Force est de constater qu'en matière de jeu en ligne l'édition 2008 du Festival du Jeu Vidéo de Paris n'a pas été l'occasion de révélations fracassantes... Et on le comprend tant les salons de jeux vidéo se multiplient à travers le monde, entre la Games Convention de Leipzig en Europe le mois dernier, le Tokyo Games Show le mois prochain en Asie ou la convention Blizzard en Californie qui monopolisera toute l'attention de la presse vidéo ludique dès la semaine prochaine.

Et côté jeux, l'imposant stand de GOA permettait de s'essayer à Warhammer Online... déjà disponible dans les bacs depuis quelques jours (et apparemment déjà très bien vendus auprès des joueurs européens), alors qu'Aion: The Tower of Eternity ou les Mines de la Moria, la prochaine extension de The Lord of the Rings Online n'étaient, eux, pas encore jouables. Il aura fallu se contenter du dernier Tomb Raider, Underworld (et d'Alison Carroll, la nouvelle égérie de Eidos qui incarne Lara Croft en chair et en os - le communiqué officiel jugeant utile de préciser que la belle revendique une plastique 100% naturelle), de Fallout III ou de la présentation de Fable II par Peter Molyneux.

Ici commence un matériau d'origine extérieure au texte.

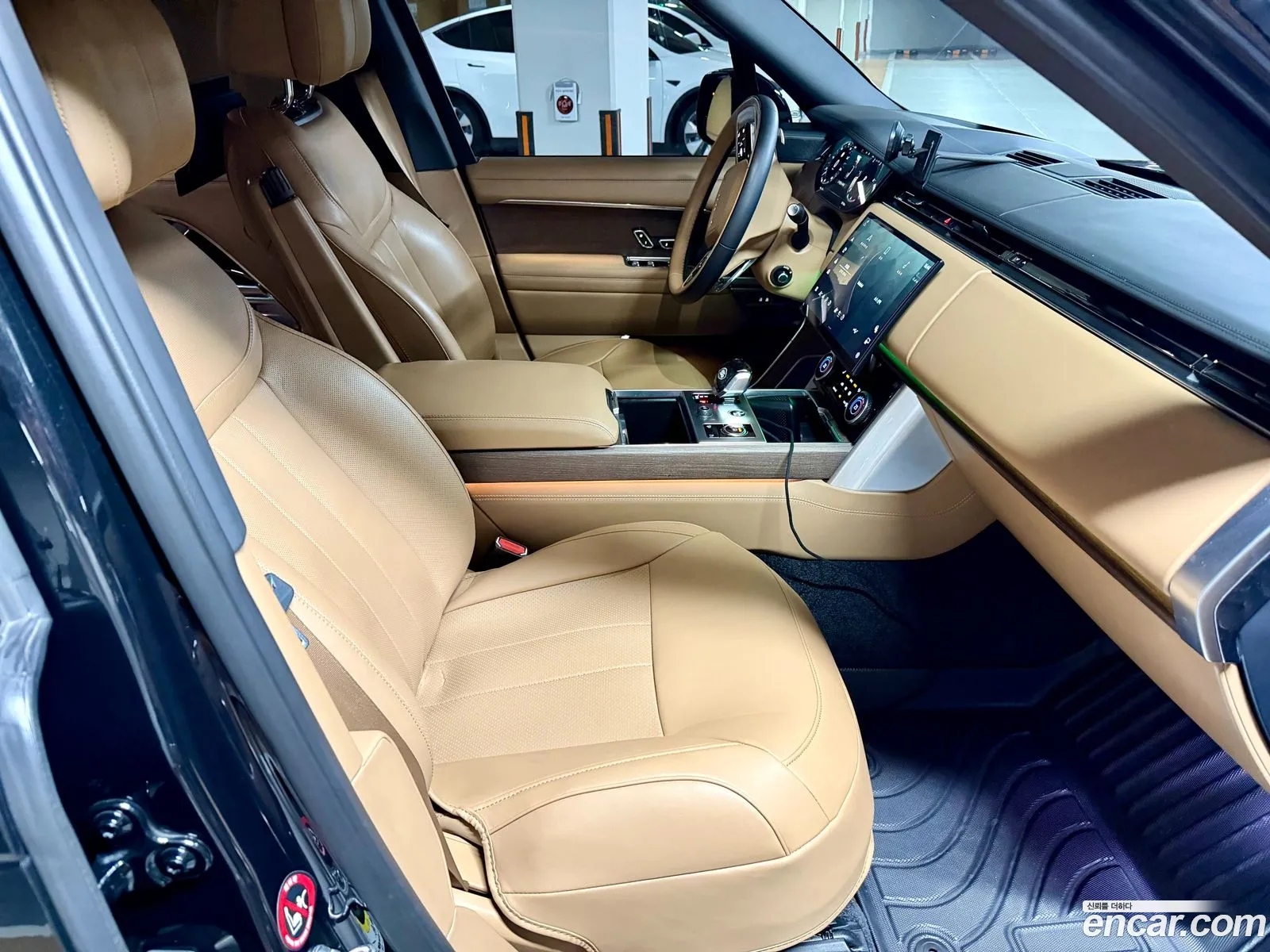 Land Rover Range Rover 2022 — 9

Nouvelle image du jeu vidéo

Mais on retiendra peut-être surtout de cette édition 2008 l'image du jeu vidéo véhiculée par le Festival. Avec une industrie dont le chiffre d'affaire représente quelque trois milliards d'euros par an et plus de 16 millions de joueurs en France, le jeu vidéo s'affiche sans complexe comme le loisir grand public qu'il est devenu ces dernières années. Durant trois jours, le FJV a vu défiler un public manifestement familial : de tous les âges, tous les profils, autant de joueurs que de joueuses... Et bien loin de la diabolisation du jeu à laquelle on a longtemps été habitué, le Festival faisait la part belle à l'industrie vidéo ludique (avec son espace professionnel et la volonté affichée de réfléchir à une économie du jeu s'adressant plus directement aux joueurs) et aux créateurs de la scène « jeu vidéo » française.
Au gré des conférences et manifestations (comme les « Milton », dont le jury était cette année présidé par David Cage, le fondateur de Quantic Dream, et dont l'objet était de « distinguer la valeur artistique » de la production vidéo ludique de l'année), une certaine idée du jeu vidéo, plus mature et revendiquant une plus grande liberté créatrice, semble avoir été défendue.
Le jeu a évidemment vocation à divertir. Mais à en croire ses principaux représentants (on pense entre autres à Peter Molyneux ou Olivier Lejade, qui repart cette année avec deux Milton en poche pour Soul Bubbles sur Nintendo DS), le secteur tend aussi à s'émanciper de certains codes traditionnels. Manifestement, le jeu vidéo n'est plus seulement un objet ludique, il devient aussi un outil d'expression, un média, un vecteur d'émotion... voire peut-être une forme d'art. Et le Festival du Jeu Vidéo contribue sans doute à imposer cette approche auprès d'un public de plus en plus large.